◆ Work order: Retype, exactly as they appear below, the lines between the line holding "ADESIVO REDONDO NAVIOS" and the line holding "Darmbakterien-Pulver Alpha Foods", both ends included.

◆ Dataset content:

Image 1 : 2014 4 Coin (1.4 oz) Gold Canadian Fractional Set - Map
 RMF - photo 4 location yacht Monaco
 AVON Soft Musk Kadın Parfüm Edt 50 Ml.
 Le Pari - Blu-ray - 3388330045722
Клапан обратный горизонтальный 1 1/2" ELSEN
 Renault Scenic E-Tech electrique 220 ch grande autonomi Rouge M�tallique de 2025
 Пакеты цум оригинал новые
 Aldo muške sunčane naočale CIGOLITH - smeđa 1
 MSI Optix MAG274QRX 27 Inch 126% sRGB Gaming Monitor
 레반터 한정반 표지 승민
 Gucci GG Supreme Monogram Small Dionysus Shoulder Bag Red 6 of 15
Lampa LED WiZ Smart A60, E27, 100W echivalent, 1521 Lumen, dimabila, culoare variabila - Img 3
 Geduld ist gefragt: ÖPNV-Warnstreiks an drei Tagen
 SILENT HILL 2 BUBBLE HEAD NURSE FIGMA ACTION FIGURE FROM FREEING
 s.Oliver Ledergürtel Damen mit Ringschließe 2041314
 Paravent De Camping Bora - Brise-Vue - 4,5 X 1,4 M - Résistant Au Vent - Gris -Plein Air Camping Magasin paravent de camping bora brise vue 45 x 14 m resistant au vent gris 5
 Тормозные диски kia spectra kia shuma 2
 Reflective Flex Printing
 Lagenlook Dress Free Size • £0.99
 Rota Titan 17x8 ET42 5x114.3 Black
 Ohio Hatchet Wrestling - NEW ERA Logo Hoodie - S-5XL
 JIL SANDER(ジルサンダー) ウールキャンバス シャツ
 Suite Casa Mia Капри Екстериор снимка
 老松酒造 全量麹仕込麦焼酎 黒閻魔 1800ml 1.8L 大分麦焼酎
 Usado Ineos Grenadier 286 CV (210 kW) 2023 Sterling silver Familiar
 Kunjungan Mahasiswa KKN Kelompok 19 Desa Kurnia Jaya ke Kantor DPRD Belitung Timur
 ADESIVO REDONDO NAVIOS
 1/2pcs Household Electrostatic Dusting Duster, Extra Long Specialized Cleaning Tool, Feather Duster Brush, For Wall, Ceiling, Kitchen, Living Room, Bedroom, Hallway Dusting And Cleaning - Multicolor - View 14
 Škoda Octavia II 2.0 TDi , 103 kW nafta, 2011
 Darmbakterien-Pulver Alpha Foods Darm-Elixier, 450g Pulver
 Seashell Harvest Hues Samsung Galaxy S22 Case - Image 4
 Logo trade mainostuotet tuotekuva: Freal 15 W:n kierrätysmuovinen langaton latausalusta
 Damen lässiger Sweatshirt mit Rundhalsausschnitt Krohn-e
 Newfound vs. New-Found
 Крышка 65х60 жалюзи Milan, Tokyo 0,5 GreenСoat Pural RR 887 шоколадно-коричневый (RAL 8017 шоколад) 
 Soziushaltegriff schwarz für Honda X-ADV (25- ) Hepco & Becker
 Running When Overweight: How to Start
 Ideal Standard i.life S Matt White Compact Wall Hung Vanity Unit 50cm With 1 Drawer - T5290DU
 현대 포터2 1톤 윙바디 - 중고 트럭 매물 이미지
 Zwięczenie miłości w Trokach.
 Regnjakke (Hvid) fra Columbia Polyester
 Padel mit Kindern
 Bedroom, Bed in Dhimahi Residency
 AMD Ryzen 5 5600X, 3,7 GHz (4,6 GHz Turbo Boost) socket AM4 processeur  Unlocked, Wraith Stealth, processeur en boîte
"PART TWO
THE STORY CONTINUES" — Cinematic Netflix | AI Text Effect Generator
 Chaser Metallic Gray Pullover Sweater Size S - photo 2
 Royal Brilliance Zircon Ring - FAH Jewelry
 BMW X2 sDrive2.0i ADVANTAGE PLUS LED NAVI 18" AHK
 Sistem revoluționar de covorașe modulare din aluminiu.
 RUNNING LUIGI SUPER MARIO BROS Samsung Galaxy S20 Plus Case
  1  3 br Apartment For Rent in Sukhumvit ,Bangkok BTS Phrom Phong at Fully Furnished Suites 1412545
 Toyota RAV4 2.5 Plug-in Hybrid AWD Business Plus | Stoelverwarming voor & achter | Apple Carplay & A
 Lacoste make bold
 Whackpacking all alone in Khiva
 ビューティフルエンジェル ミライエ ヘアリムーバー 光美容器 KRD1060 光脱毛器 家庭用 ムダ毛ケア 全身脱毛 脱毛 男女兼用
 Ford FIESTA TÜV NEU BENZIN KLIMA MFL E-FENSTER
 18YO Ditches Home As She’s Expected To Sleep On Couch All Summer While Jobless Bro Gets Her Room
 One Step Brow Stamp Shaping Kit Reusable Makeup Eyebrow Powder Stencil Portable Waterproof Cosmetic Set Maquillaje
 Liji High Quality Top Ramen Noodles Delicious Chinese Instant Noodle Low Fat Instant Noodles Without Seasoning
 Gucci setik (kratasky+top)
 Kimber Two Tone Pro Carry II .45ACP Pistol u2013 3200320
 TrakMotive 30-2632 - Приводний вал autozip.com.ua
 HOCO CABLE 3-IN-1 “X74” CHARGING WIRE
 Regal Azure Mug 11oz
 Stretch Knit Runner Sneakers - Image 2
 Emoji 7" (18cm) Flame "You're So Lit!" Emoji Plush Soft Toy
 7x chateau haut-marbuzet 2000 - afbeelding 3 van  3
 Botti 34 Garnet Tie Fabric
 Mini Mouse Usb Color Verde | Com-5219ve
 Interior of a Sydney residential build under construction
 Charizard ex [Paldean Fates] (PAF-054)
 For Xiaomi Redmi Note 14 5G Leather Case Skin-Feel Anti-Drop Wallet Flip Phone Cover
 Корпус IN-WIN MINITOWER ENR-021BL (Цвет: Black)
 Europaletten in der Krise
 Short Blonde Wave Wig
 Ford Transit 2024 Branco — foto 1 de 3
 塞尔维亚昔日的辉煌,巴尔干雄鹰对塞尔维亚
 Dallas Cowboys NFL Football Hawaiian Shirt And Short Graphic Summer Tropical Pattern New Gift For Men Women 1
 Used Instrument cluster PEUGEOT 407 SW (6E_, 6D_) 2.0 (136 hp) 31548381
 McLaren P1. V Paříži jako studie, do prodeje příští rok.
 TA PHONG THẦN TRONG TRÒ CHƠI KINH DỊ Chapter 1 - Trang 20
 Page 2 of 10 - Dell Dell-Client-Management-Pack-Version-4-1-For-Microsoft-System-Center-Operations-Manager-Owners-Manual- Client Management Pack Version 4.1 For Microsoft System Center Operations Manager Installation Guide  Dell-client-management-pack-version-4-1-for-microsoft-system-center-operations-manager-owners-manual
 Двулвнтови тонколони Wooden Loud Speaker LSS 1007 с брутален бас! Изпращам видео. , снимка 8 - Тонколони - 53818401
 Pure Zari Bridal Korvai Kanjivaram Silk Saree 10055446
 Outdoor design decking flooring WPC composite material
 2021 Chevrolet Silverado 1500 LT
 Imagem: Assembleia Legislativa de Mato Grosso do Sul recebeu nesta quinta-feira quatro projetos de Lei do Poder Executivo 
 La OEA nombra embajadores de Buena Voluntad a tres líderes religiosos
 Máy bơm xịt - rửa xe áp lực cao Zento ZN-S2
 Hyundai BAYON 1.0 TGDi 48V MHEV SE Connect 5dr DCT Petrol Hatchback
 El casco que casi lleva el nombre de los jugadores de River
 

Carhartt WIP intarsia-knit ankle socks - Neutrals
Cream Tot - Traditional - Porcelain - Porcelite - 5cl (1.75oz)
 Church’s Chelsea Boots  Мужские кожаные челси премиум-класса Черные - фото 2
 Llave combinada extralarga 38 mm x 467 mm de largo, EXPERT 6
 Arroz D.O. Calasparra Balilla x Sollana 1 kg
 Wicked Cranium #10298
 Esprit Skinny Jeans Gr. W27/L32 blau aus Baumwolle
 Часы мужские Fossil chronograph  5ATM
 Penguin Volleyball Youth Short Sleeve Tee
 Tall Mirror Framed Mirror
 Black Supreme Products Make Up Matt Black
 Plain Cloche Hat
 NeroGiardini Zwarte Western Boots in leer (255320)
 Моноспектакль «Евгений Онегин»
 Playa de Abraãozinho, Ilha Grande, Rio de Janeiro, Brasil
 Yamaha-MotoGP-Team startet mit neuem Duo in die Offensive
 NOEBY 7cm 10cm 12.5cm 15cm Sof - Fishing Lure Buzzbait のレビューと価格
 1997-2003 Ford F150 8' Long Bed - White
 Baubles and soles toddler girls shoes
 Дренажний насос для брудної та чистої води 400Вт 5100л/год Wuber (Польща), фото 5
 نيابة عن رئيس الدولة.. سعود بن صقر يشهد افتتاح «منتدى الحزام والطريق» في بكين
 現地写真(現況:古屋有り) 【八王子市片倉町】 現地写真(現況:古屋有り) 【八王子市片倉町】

◆ Written response:
 ADESIVO REDONDO NAVIOS
 1/2pcs Household Electrostatic Dusting Duster, Extra Long Specialized Cleaning Tool, Feather Duster Brush, For Wall, Ceiling, Kitchen, Living Room, Bedroom, Hallway Dusting And Cleaning - Multicolor - View 14
 Škoda Octavia II 2.0 TDi , 103 kW nafta, 2011
 Darmbakterien-Pulver Alpha Foods Darm-Elixier, 450g Pulver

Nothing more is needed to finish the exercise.